Peut-on comprendre la réticence de certains à le porter ?
Dominique Desjeux : Oui, c’est clair. Il y a deux réticences. La première, c’est le refus de se voir imposer quelque chose, c’est très français ! On a une espèce d’anarchisme anti-masque, anti-règles. La deuxième réticence, c’est la peur de la perte du lien social, qui varie énormément en fonction des individus. On ne peut plus se toucher, on ne peut plus s’embrasser… Dans ces cas-là, le port du masque est vécu comme une rupture du lien social.
Port du masque : "Sous la contrainte de la peur, le masque peut durer"
Peut-on imaginer que le masque s’installera durablement dans les habitudes des Français ?
Dominiques Desjeux : Si la peur reste, oui, on peut le penser. Les changements d’habitudes se font, ou ne se font pas, en fonction des contraintes. Pour toutes les personnes qui sont retournées travailler, car elles dépendent du travail, le port du masque est une contrainte énorme. Sous la contrainte de la peur, le masque peut durer.
Pensez-vous qu’il pourrait y avoir une scission entre les pro-masques et les anti-masques ? Comme il en existe sur de nombreux sujets…

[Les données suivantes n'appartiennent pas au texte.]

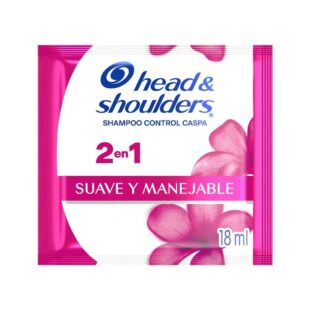 CHA.HEAD-SHOU.2 1 SUAVE Y MAN.18ML 12SBS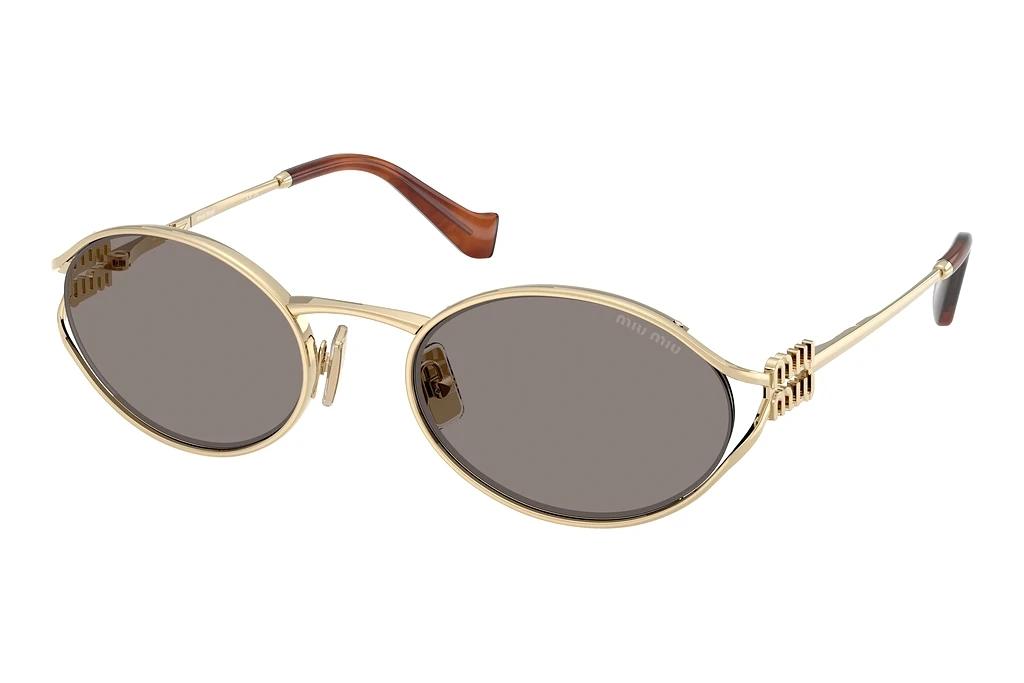 Miu Miu   MU 52YS ZVN80Q Dark GreyPale Gold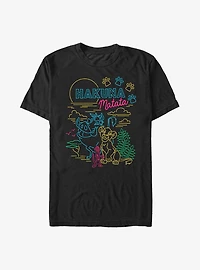 Disney The Lion King Jungle Trio Big & Tall T-Shirt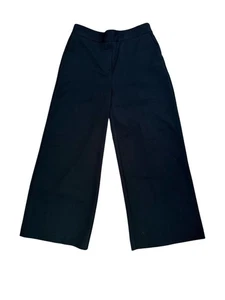 Neu mit Etikett Worthington Damenhose schwarz weites Bein bauchfrei elastischer Bund Größe S - Bild 1 von 8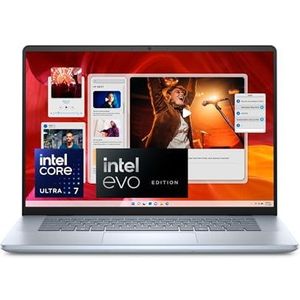 Dell Inspiron 16 Plus 7640 Laptop 16"" 16:10 2.5K Display, Intel Evo Edition - Intel Core Ultra 7, NVIDIA GeForce RTX 4060 Graphics, 16GB RAM, 1TB, Windows 11 Home, Fingerprint Reader, Keyboard Deutsch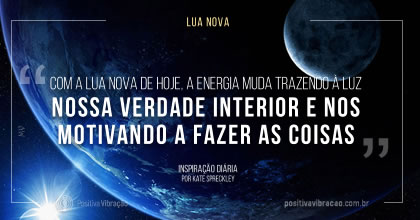 Lua Nova de Agosto, Inspiração Diária de Kate Spreckley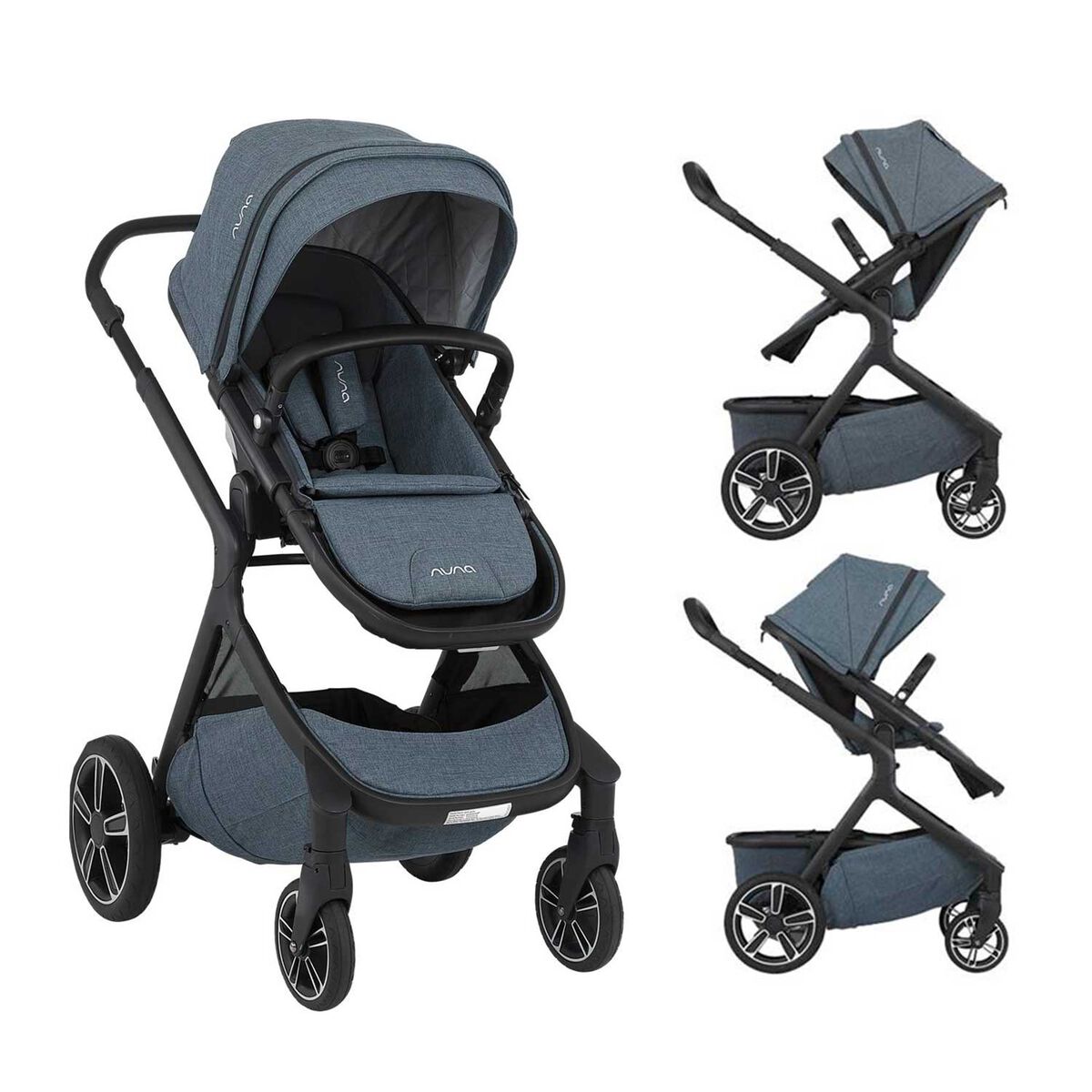 Coche Paseo Demi Grow Aspen Nuna
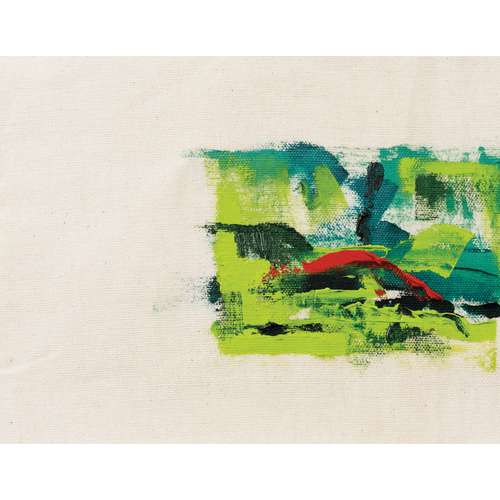 I Love Art - Tela in cotone non preparata, 160 g/m² 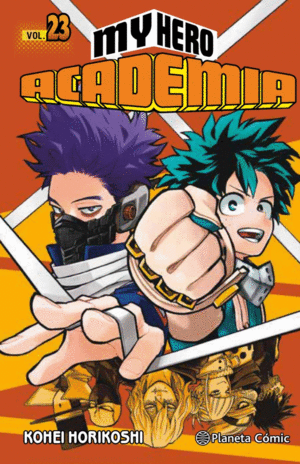 MY HERO ACADEMIA N 23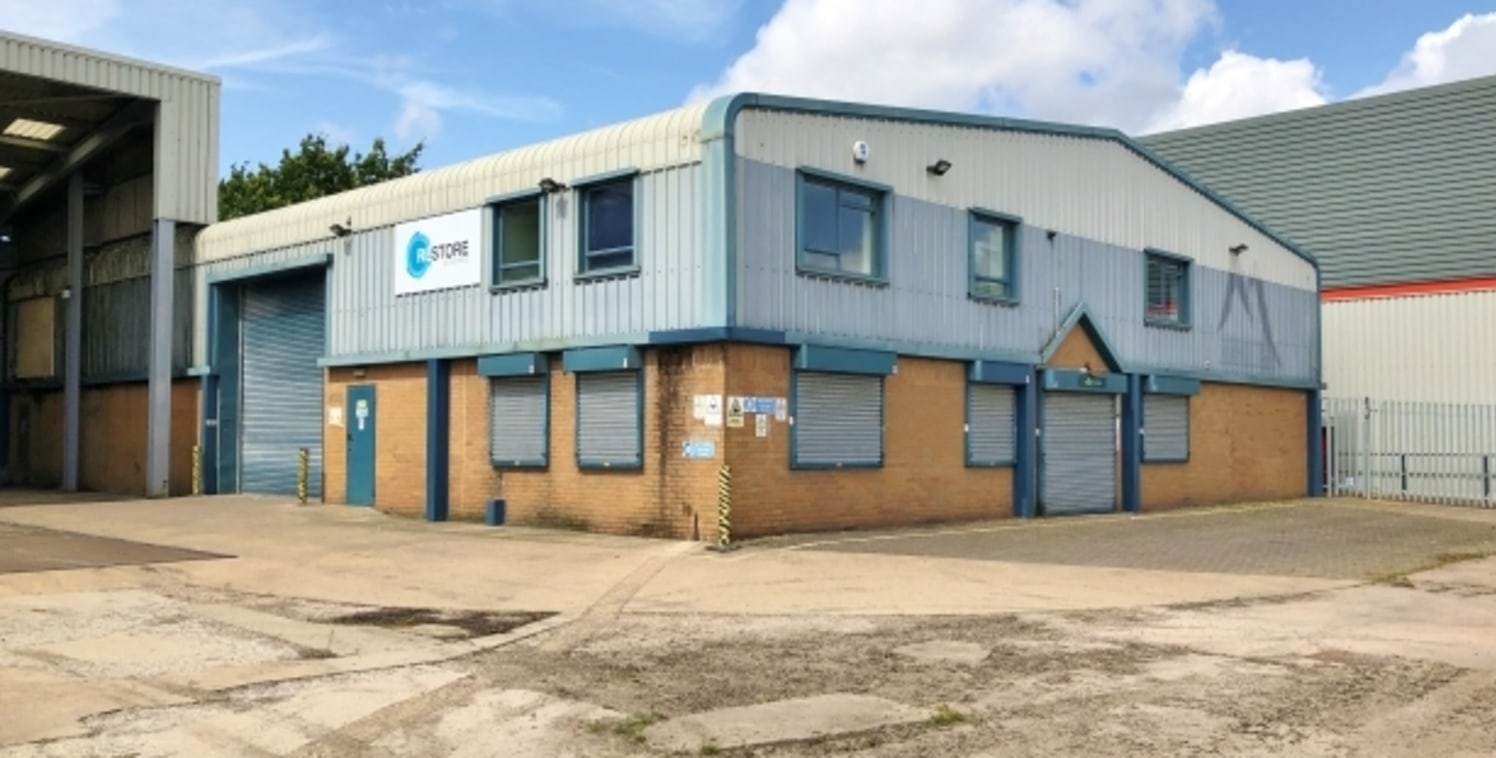 The property comprises a modern detached production warehouse incorporating two-storey offices, mezzanine stores and a substantial canopy, on a secure, self-contained site including yard and car parking areas.<br><br>The building is of steel portal f...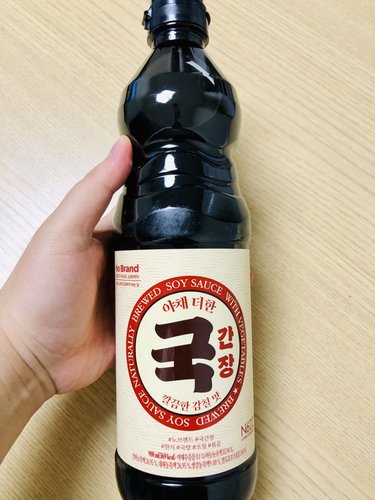 노브랜드 야채더한 국간장 900ml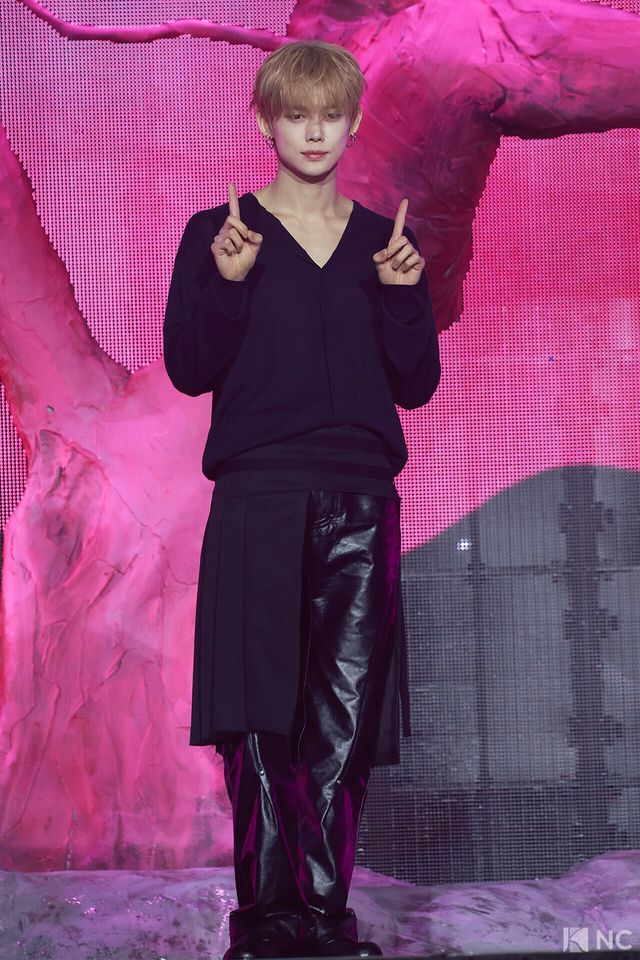 그룹 투모로우바이투게더(TOMORROW X TOGETHER) 연준. 사진=김규빈 기자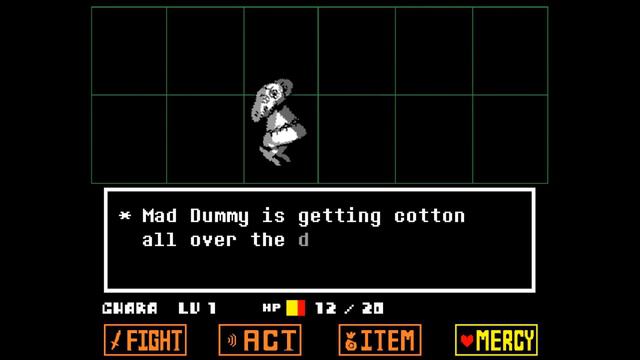 Undertale - Mad Dummy Battle (feat. James Best) смотреть онлайн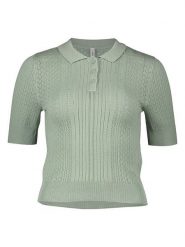 ONLY Sweter w kolorze miętowym rozmiar: L. Zielone swetry ONLY, l, bez wzorów, bez ramiączek. Za 88.23 zł.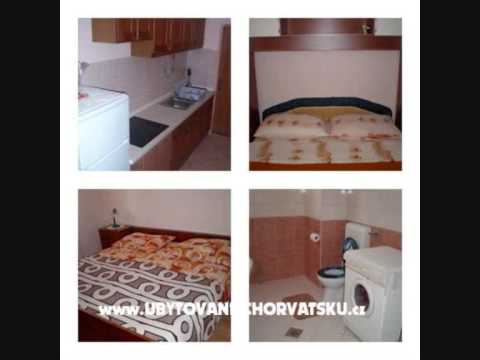 Apartmány Ivana i Toni, Privlaka, Chorvatsko - Croatia - Hrvatska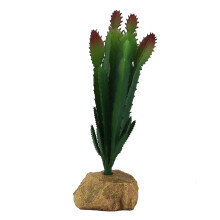 Realistic Artificial Plant Faux Succulents Lifelike Plant Modelling Minimum Maintenance Terrarium Decoration Indoor Outdoor Use Eco Friendly Rust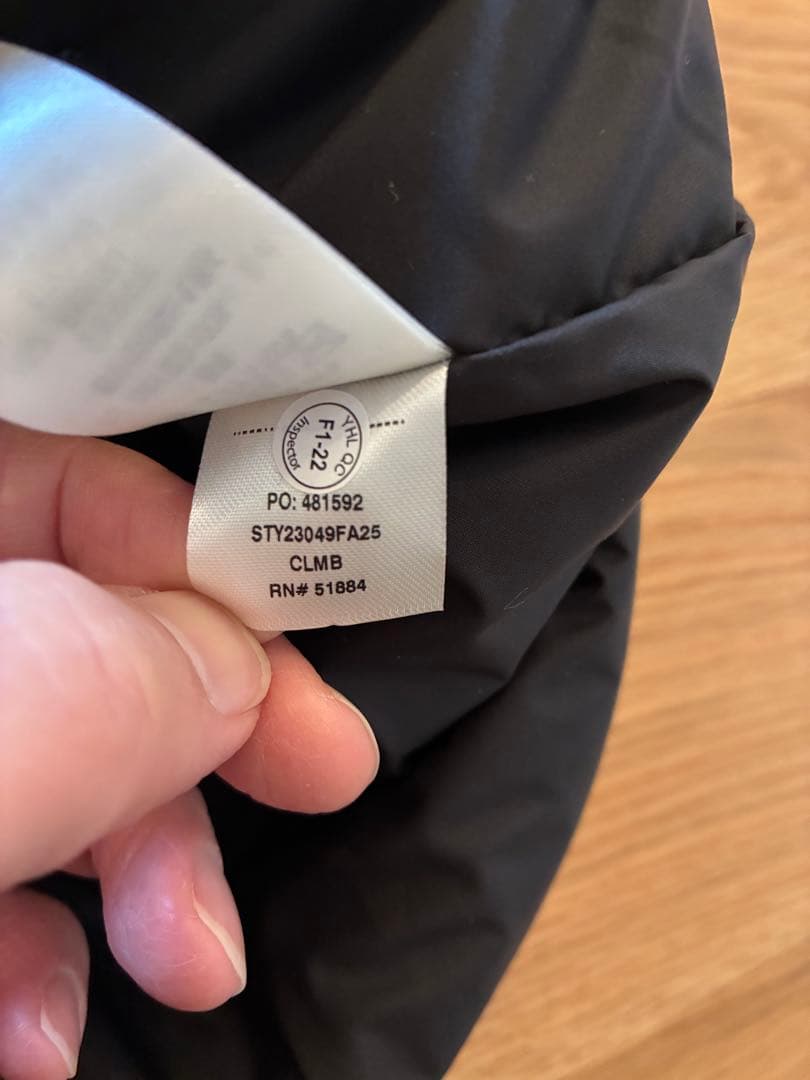 Patagonia フリースベスト M ネイビー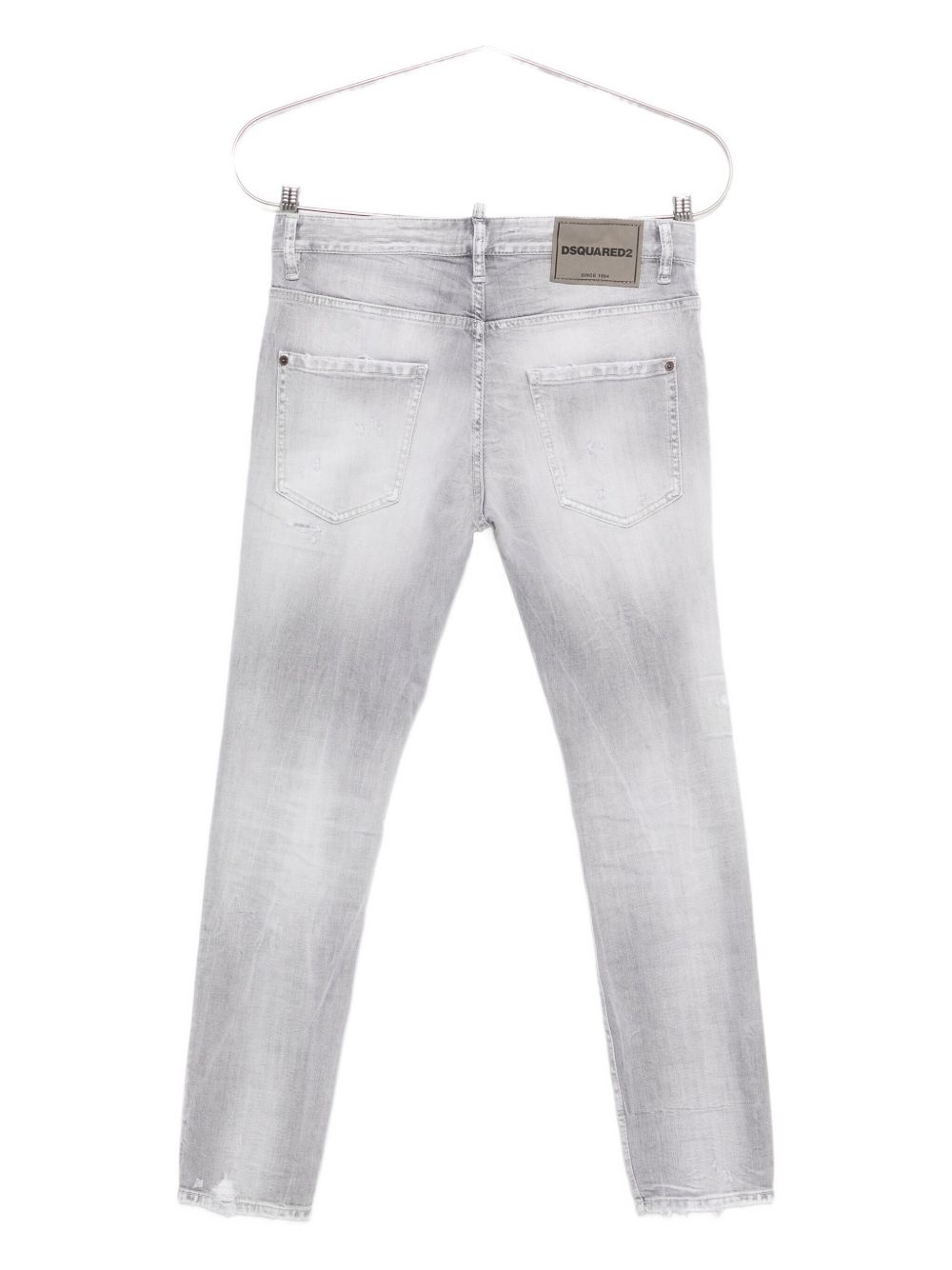 straight-leg jeans - 2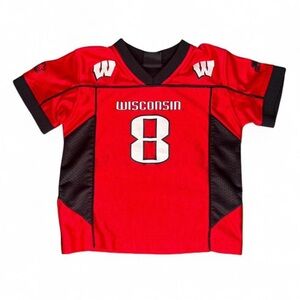 Wisconsin Badgers football jersey [18 months]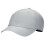 Nike (One Size, Light Smoke Grey/Black) Nike Blank Structured Baseball Cap 1
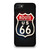 ROUTE 66 STREET US LOGO CARBON iPhone SE 2020 Case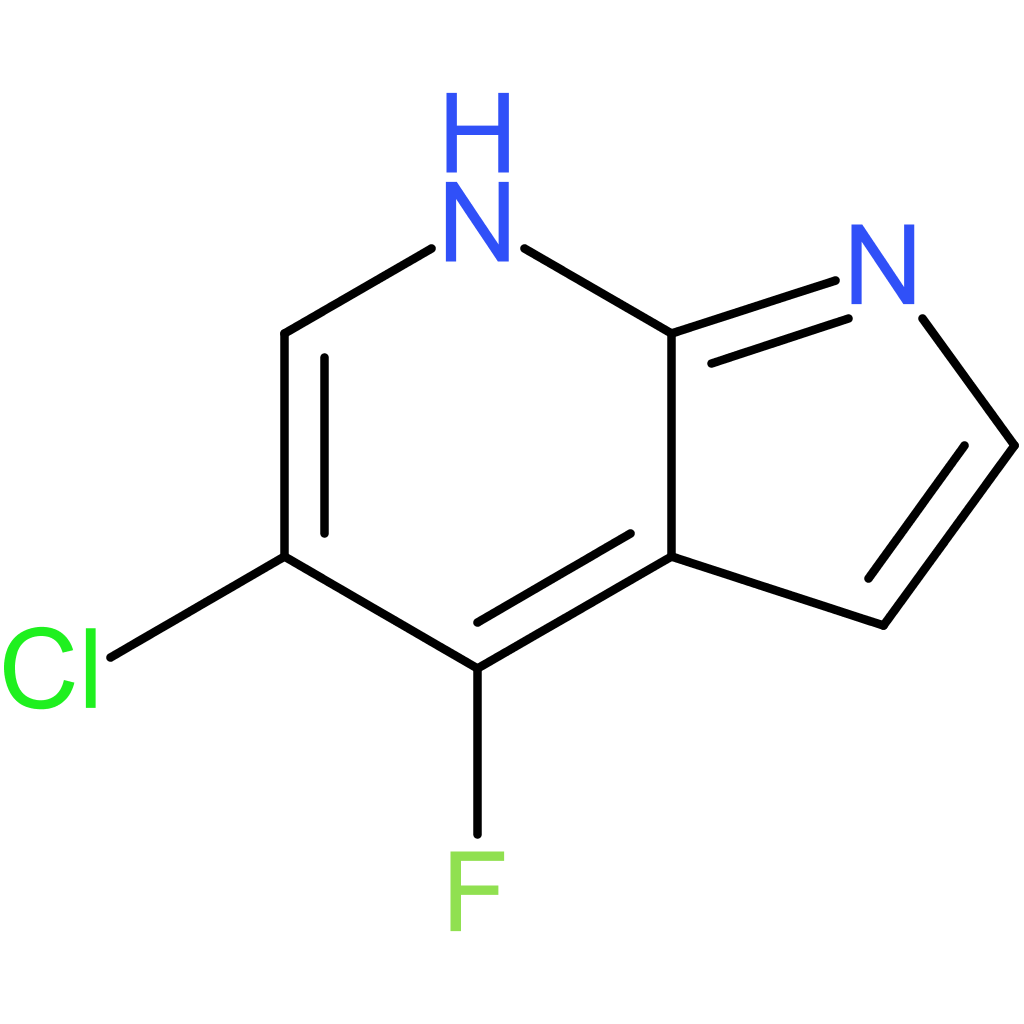 5-chloro-4-fluoro-1H-pyrrolo[2,3-b]pyridine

Dominique Desjeux : C’est sûr ! Ce n’est pas impossible que les gens qui soient en télétravail ne soient pas favorables au masque et que ceux qui travaillent physiquement soient plus favorables. Ce n’est qu’une supposition mais, derrière le masque, il peut y avoir un effet de classe sociale. On peut aussi analyser le masque comme un révélateur des clivages sociaux et des classes sociales.